На практике провести четкую грань между грубой и простой неосторожностью непросто. Здесь требуется значительная степень судейского усмотрения.

Если установлен факт нарушения обязательства и встает вопрос о том, какая форма неосторожности имела место, презюмируется наличие грубой неосторожности. Бремя доказывания того, что речь шла всего лишь о простой неосторожности (и тем более случае), лежит на должнике.1.5. Умышленное нарушение

Значительные проблемы возникают как в отечественном, так и в зарубежном праве при определении другой формы вины – умысла. В большинстве случаев вопрос о том, нарушал ли должник обязательство умышленно или просто в силу неосторожности, значения не имеет. Для констатации виновности достаточно установления простой не­осторожности. Но дело в том, что установление умышленного характера нарушения в ряде случаев имеет определенные правовые последствия.1.5.1. Какое правовое значение может иметь умышленное нарушение?
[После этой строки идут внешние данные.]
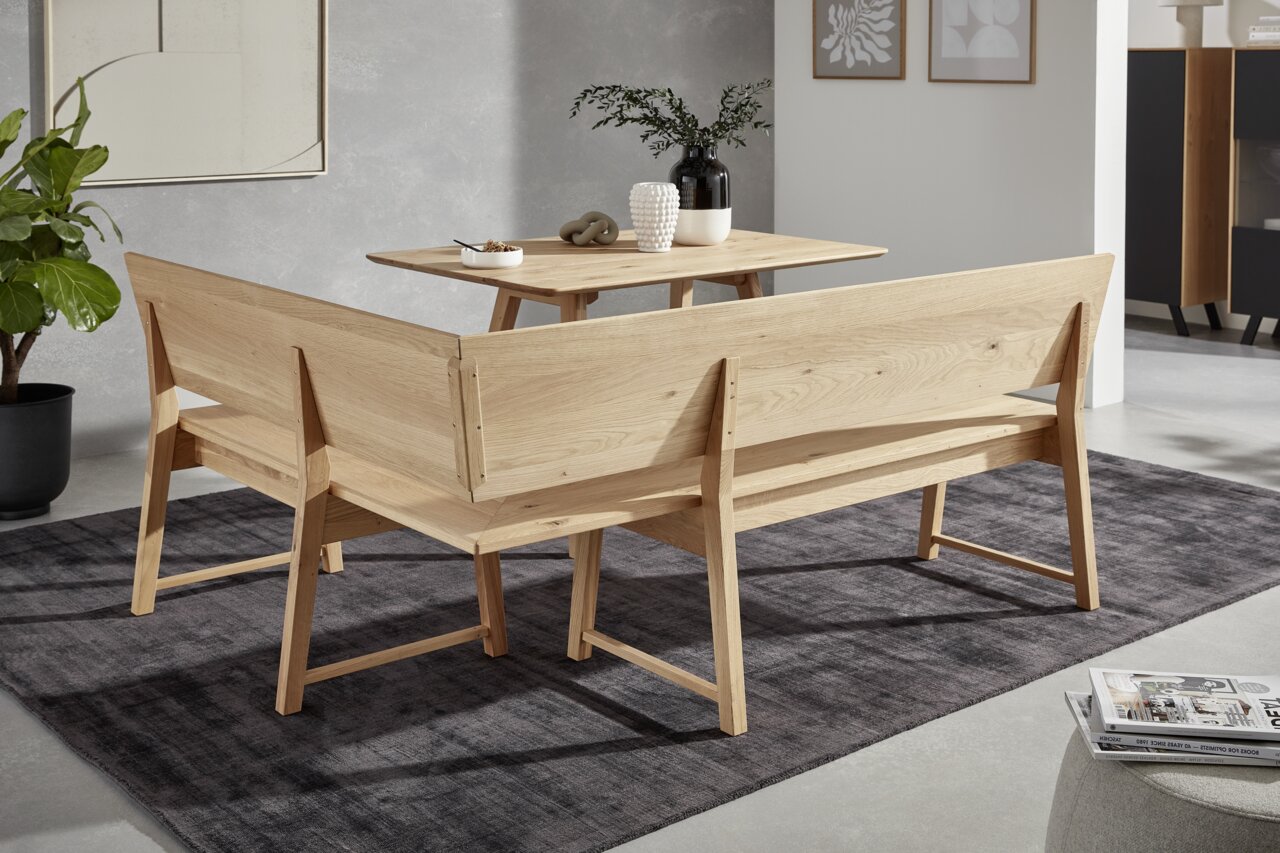 Houten hoekbank in een moderne woonkamer, gezien van rechtsachter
Ключевым и известным российскому праву примером ситуации, когда умышленный характер нарушения оказывается имеющим практическое значение, является положение п. 4 ст. 401 ГК РФ, в силу которого условия договора об освобождении от ответственности или ее ограничении не работают в случае умышленного нарушения (о сфере применения данного положения см. комментарий к п. 4 ст. 401 ГК РФ).

Если речь идет об ответственности за предоставление недостоверных заверений, установленный умысел на предоставление недостоверной информации позволяет квалифицировать случившееся по выбору реципиента одновременно и как деликт обмана (а не как деликт неосторожного введения в заблуждение). Соответственно, если реципиент заверений решит – вместо приведения заверителя к договорной ответственности на основании правил гл. 25 ГК РФ – оспорить заключенный договор и потребовать взыскания убытков по деликтной негативной модели за недобросовестное ведение переговоров, речь пойдет о применении в связке со ст. 434.1 ГК РФ не ст. 178, а п. 2 ст. 179 ГК РФ. Это может в ряде случаев предопределить некоторые различия в правовом режиме оспаривания и его последствий.

В таких случаях вопрос о том, было ли обязательство нарушено умышленно или в силу неосторожности, приобретает принципиальное значение.

Опыт зарубежных стран знает и множество иных контекстов, в которых умышленный характер нарушения предопределяет более жесткое отношение права к нарушителю. Например, в тех странах, в которых по общему праву за нарушение обязательства не взыскиваются непредвидимые убытки (т.е. убытки, возникновение которых у кредитора должник в момент заключения договора фактически не предвидел и не должен был предвидеть), это ограничение объема вменения убытков не работает в случае умышленного нарушения, и взыскиваются даже непредвидимые убытки, как минимум если они не являются слишком отдаленными. Это касается, например, Франции. Вопрос о том, реализована ли у нас доктрина предвидимости, пока остается открытым, но если российское право двинется по данному пути, встанет выбор между введением указанной оговорки на случай умысла по французской модели.